O SBT e o SBT News iniciaram na segunda-feira 17 uma série de entrevistas com candidatos à Presidência. Um sorteio definiu a ordem das sabatinas. Renan Santos (Missão) abriu a rodada. As entrevistas seguem até sábado 22, com um candidato por dia.

Propostas de Cury para o STF

Cury afirmou ser contrário à permanência sem prazo definido dos ministros do Supremo. Para ele, a Corte deveria adotar mandatos de oito anos. “Eu sou muito claro: nós temos que terminar com a vitaliciedade no STF”, declarou.

Na avaliação do candidato, a medida permitiria renovar os integrantes do tribunal periodicamente e diminuiria a concentração de poder. Cury também acusou ministros do STF de ultrapassarem os limites da função judicial em algumas decisões. “Os Poderes têm que ter harmonia, e, hoje, em várias medidas, eles estão legislando, e não sendo guardiões [da Constituição”, declarou.

Ainda durante a sabatina, Cury afirmou que os dois próximos ministros indicados por um eventual governo seu seriam mulheres. “As mulheres representam o ouro da humanidade”, disse. “Vou encorajá-las a não apenas participar da política, mas também da gestão pública e privada. No STF, os próximos dois ministros não serão homens, e sim mulheres. As mulheres serão abraçadas de maneira poderosa.”

Crítica à polarização

Cury disse querer ocupar um espaço fora da política tradicional. Ele afirmou que pretende reunir especialistas para desenvolver propostas para educação, saúde, segurança e economia. “Eu sou de fora da política e nem quero tê-la”, continuou. “Quero compor com mentes brilhantes para pacificar esse país que virou polaridade esquizofrênica.”

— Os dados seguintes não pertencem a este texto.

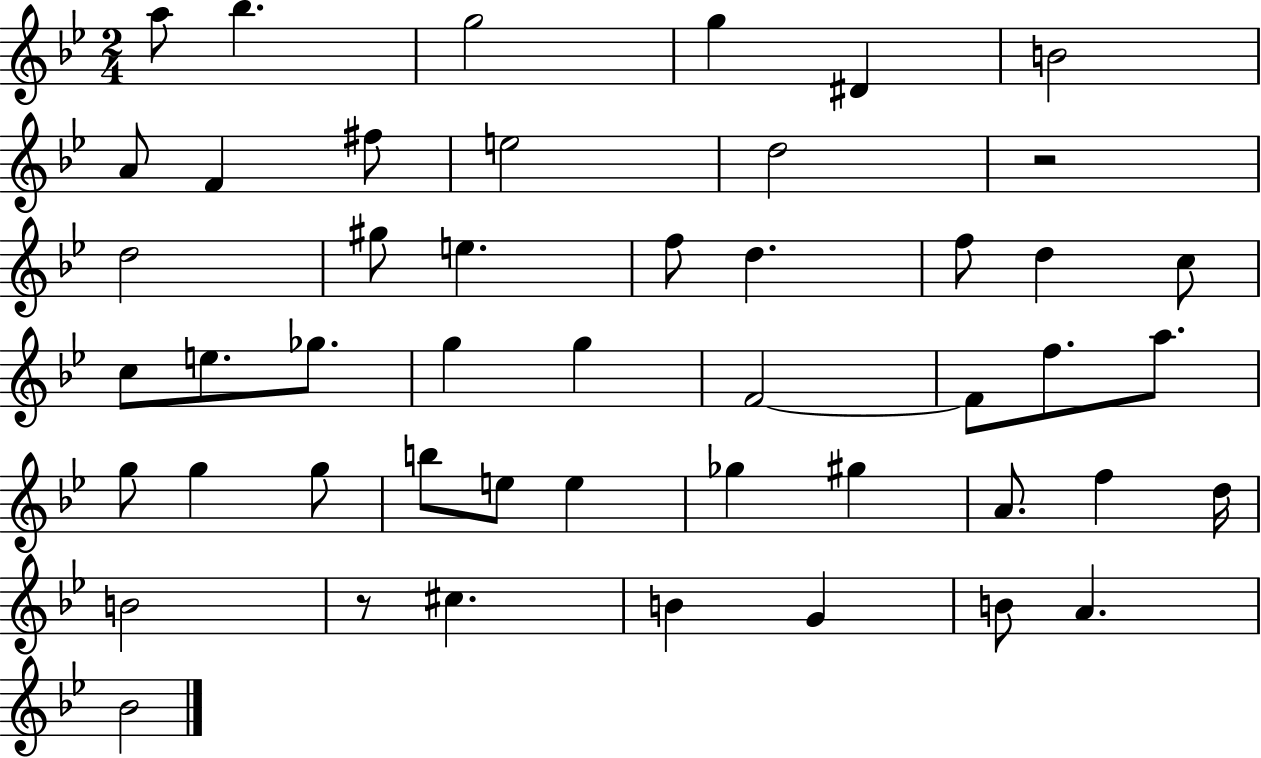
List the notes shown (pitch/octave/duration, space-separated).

A5/e Bb5/q. G5/h G5/q D#4/q B4/h A4/e F4/q F#5/e E5/h D5/h R/h D5/h G#5/e E5/q. F5/e D5/q. F5/e D5/q C5/e C5/e E5/e. Gb5/e. G5/q G5/q F4/h F4/e F5/e. A5/e. G5/e G5/q G5/e B5/e E5/e E5/q Gb5/q G#5/q A4/e. F5/q D5/s B4/h R/e C#5/q. B4/q G4/q B4/e A4/q. Bb4/h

O candidato também declarou que pretende deixar a administração de suas empresas para se dedicar à política e ao que chamou de família brasileira. “Há um barco só chamado família brasileira”, disse. “Eu quero mostrar que essa polarização machucou o Brasil.”

Bolsa Família

Cury defendeu a continuidade do Bolsa Família, mas sugeriu mudanças para incentivar o emprego formal e a abertura de microempresas. “Bolsa Família é importante”, afirmou. “Ele ama a pobreza, mas não ama os pobres, porque perpetua os pobres na pobreza.”

A ideia é manter o complemento de renda para beneficiários que consigam emprego com carteira assinada ou abram uma microempresa. “Queremos que o Bolsa Família permaneça, mas as pessoas que assinarem a carteira e tiverem uma microempresa podem complementar a renda.”

Relação com o centrão

O candidato voltou a defender uma aproximação com o centrão. Segundo ele, o grupo tem papel relevante no equilíbrio entre Executivo e Congresso. “O centrão é um fenômeno político importante e equilibra as coisas”, declarou.

Para Cury, o diálogo seria necessário para assegurar governabilidade e implementar mudanças.